Seminars
Atmosphere Ocean Science Colloquium
The coupling of dynamics and water mass in convective clouds
Speaker: Maximilien Bolot, École Normale Supérieure
Location: Warren Weaver Hall 1302
Date: Wednesday, October 9, 2024, 3:30 p.m.
Synopsis:
Turbulence leads to ubiquitous clouds in the Earth's atmosphere, but it is little known that clouds retroact on turbulence too: the atmosphere must perform constant work to maintain its motions against the weight of the water, which directly impacts the kinetic energy flowing in atmospheric motions. In the centers of thunderstorms, the combined load of vapor, liquid water and ice can reach above 150 kg per square meter and the atmosphere must perform thousands of watts of mechanical work to lift that water to the level where it precipitates.
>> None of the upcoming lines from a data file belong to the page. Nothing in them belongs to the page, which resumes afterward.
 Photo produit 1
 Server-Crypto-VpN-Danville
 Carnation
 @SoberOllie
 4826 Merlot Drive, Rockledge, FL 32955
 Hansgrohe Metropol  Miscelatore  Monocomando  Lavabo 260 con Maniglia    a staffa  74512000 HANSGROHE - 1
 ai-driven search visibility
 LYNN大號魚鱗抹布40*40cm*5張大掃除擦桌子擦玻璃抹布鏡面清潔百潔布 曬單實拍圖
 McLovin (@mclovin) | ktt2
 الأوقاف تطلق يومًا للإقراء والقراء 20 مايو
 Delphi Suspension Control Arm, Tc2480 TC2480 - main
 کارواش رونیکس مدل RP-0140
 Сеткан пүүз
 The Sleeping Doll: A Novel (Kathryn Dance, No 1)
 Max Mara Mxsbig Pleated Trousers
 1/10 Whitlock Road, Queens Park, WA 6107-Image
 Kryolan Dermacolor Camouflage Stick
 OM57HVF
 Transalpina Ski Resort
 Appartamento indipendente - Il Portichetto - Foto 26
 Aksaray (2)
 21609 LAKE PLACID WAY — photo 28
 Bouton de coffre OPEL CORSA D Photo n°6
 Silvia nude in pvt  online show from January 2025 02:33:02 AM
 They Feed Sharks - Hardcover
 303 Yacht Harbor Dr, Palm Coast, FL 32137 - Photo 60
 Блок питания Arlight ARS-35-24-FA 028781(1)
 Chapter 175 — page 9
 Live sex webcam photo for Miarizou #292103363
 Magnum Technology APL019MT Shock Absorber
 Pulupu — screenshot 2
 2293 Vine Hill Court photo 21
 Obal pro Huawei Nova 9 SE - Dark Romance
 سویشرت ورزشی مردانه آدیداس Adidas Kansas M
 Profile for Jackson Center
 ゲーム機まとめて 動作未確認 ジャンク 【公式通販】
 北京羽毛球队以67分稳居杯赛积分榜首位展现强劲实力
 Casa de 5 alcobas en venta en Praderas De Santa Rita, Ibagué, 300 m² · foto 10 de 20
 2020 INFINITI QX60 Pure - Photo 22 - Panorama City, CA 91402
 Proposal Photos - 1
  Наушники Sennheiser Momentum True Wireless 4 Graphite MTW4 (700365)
This considerable energy cannot be used to accelerate wind and does not contribute to kinetic energy of the storms, showing how water mass has a bearing on dynamics, even if it is also set by it. With the emergence of climate models resolving non-hydrostatic accelerations at kilometer scale--the so-called global storm-resolving models or GSRMs--this coupling between dynamics and water mass can now be revealed globally. I will show some results highlighting the importance of this coupling using recent global warming simulations of the NOAA GFDL's X-SHiELD GSRM. The first result pertains to the intensification of severe storms under warmer conditions. For this, I compute the power dissipated in lifting water globally. I show that the dissipated power increases rapidly under global warming and that the increase is particularly pronounced at the center of storms where the lifting of water exhausts most of the available mechanical power, suggesting that the intensification of severe storms will remain limited under warmer conditions. Another result pertains to the distribution of ice mass in a convection-centric view where the surface is organized by decreasing ice load around the convective center. I show that the ice loading in convective cores exhibits a similar mode of change in global warming simulations of X-SHiELD and with interannual variability in active sensor observations. This mode is modulated by structural changes of the vertical wind field towards an intensification of strong updrafts with warming. The results are conducive to interpretations of the water mass based on the horizontal and vertical momentum of condensed water. Such interpretations will be crucial for incoming space missions aiming at the first-ever global measurements from space of vertical wind from changes in water mass.